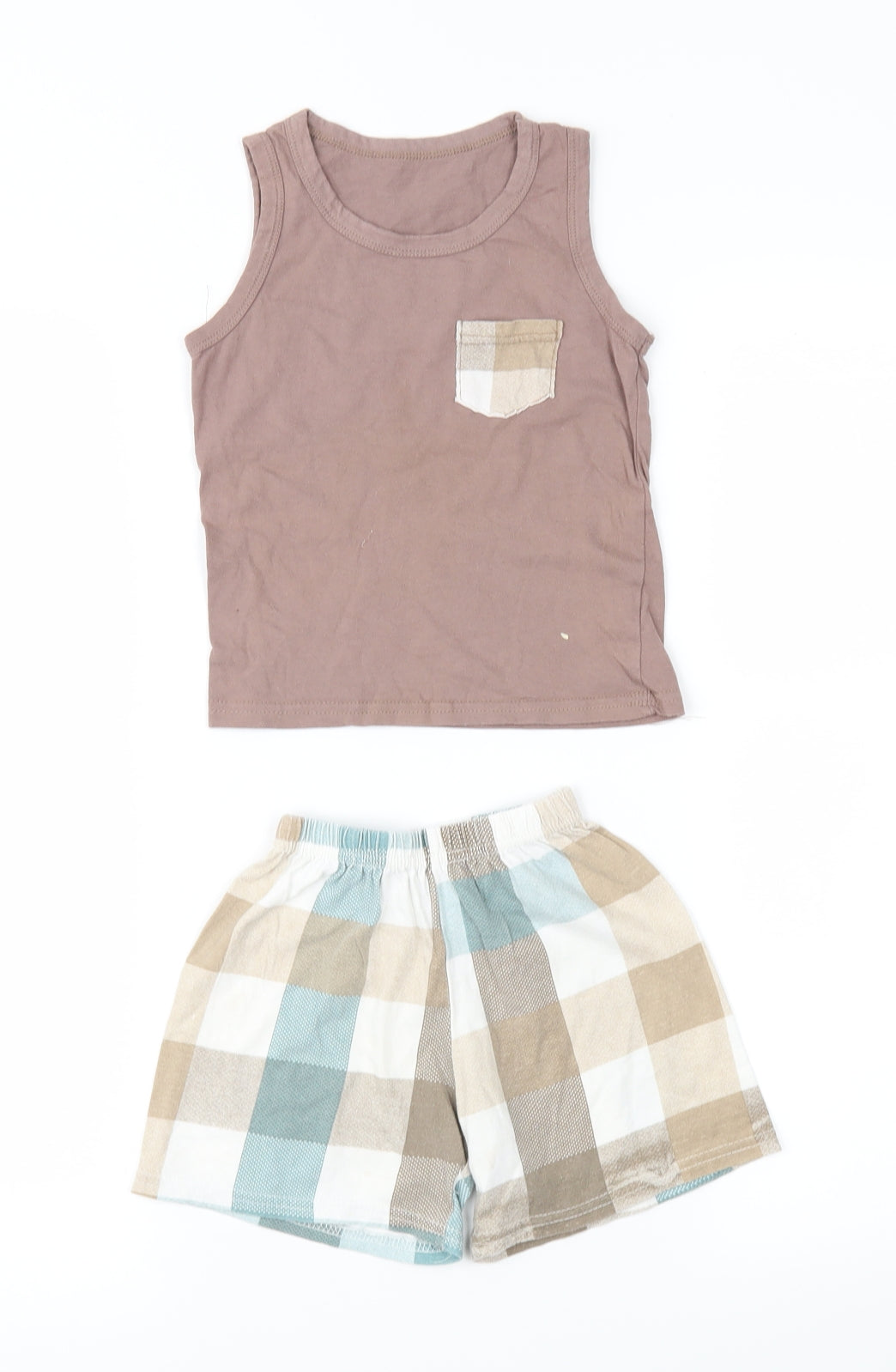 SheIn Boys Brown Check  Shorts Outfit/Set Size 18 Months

--

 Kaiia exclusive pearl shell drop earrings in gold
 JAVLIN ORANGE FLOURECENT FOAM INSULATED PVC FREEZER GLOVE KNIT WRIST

--

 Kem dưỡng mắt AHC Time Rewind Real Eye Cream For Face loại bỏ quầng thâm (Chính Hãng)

**Activity:** Please reproduce, exactly as they appear above, the lines from the line containing "Kaiia exclusive pearl" up to and including the line containing "JAVLIN ORANGE FLOURECENT".

**Task response:**
 Kaiia exclusive pearl shell drop earrings in gold
 JAVLIN ORANGE FLOURECENT FOAM INSULATED PVC FREEZER GLOVE KNIT WRIST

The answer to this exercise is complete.